Değerlendirmek; hassasiyet, bilgi, deneyim ve basiret gerektiren bir iştir! Değerlendirirken, not verirken, seçim yaparken, yanlış bir karar almaktan, hak edeni mağdur etmekten, ya da hak etmeyene fazla paye vermekten çekiniriz!
Yalnız mali konular veya insan ilişkileri değil, sağlık da detaylı değerlendirme yapmamızı ve adil davranmamızı gerektiren bir konudur! Canımızın çektiği ile bedenimizin ihtiyaç duyduğu şeyleri yapmak arasındaki dengeyi kurmakta biraz sıkıntı yaşarız.

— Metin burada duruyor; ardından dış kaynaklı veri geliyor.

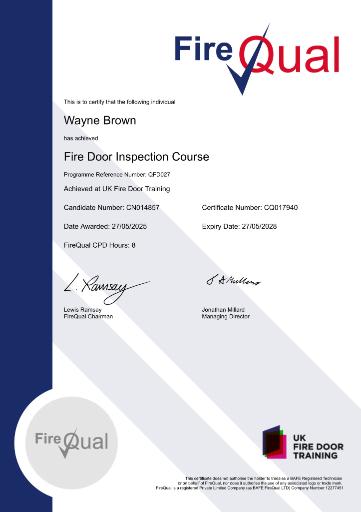 Certificate Cq017940 Inspection Medium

Bu nedenle Muhasebe, Hukuk, Tıp, Eğitim gibi konular, bağımsız uzmanlara emanet edilir, evrensel & toplumsal standartlara oturtulur ve kurumsal bir sistemin itinayla tariflenmiş süreçleri doğrultusunda icra edilirler. Bu gibi yapılarda alınan tüm kararlar ve yapılan tüm uygulamaların zaman zaman değerlendirildiği bir üst kontrol, bir ”gözlem ve inceleme” süreci de olur. Yani işleyişin kurallara uygun ve işlevsel olup olmadığı da tekrar kontrol edilir.
Hayatımız da böyle kurumsal bir yapıya oturmuş olmasa bile, kabul edilmiş bazı anlayışlar, belli kurallar ve takip edilen bir düzen çerçevesinde yürür. Kuralsızlık bile kendi içinde bir alışkanlık ve bir düzendir… Ancak bazen bu ”sistem” error verir!
Error varsa, doğru olduğunu sandığımız şeylerde bir yanlışlık illa ki vardır 🙂 Ve bu aralar hayatımızda bir şeyin yanlış gittiğini gösteren sinyaller artabilir.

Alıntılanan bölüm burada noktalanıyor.